Alec Eichenlaub doesn't know exactly what he wants to do when he grows up. But he knows it will probably involve working with his hands.
"I take things apart, and my dad says it works better than it had before," he says as he uses a wrench to wrestle with a screw on the front wheel of a dusty BMX bike in the Maker's Lab at Jewett Elementary School.
Attending Jewett means Alec has had more experience with wrenches, woodworking and even pottery than perhaps most fourth-graders. And his repertoire is about to increase. He's signed up for a new exploratory class focused exclusively on bike repair and maintenance — under the tutelage of none other than his principal, Tom Rambo.

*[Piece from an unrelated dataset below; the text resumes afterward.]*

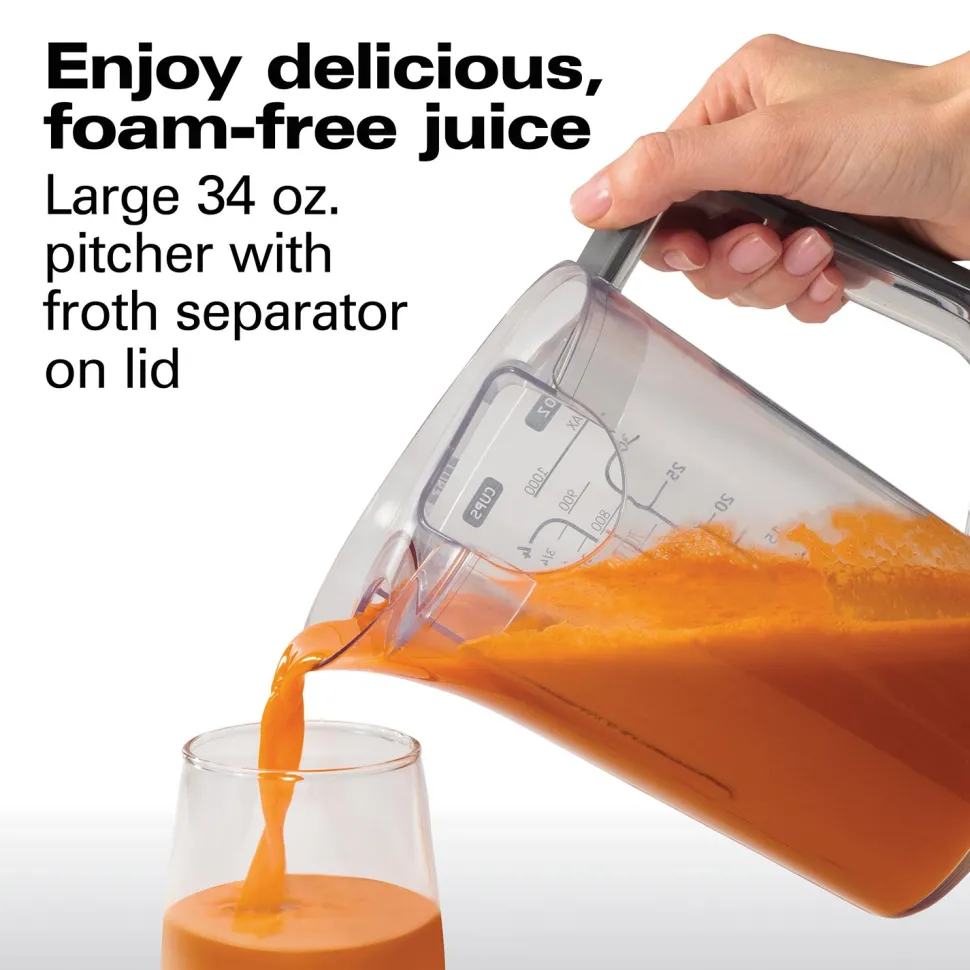 Hamilton Beach® Professional Super Chute™ Easy Clean Juice Extractor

Rambo says it was the practically empty bike racks lining the west side of his school that inspired him to incorporate bicycles into Jewett's efforts to provide hands-on learning opportunities.
"I have 600 kids who attend this school, and I look at our bike rack in the morning, and there’s two bikes in there," he says. "Maybe one of the reasons is they just don’t know how to fix them or are uncomfortable with them. I wanted to generate a little more excitement around kids riding bikes."
His exploratory course, which launched Friday, will be offered first to students in grades three through five, and then exclusively to fourth-graders. The longtime Southern Oregonian says he's "not able to ask my staff something that I’m not willing to do."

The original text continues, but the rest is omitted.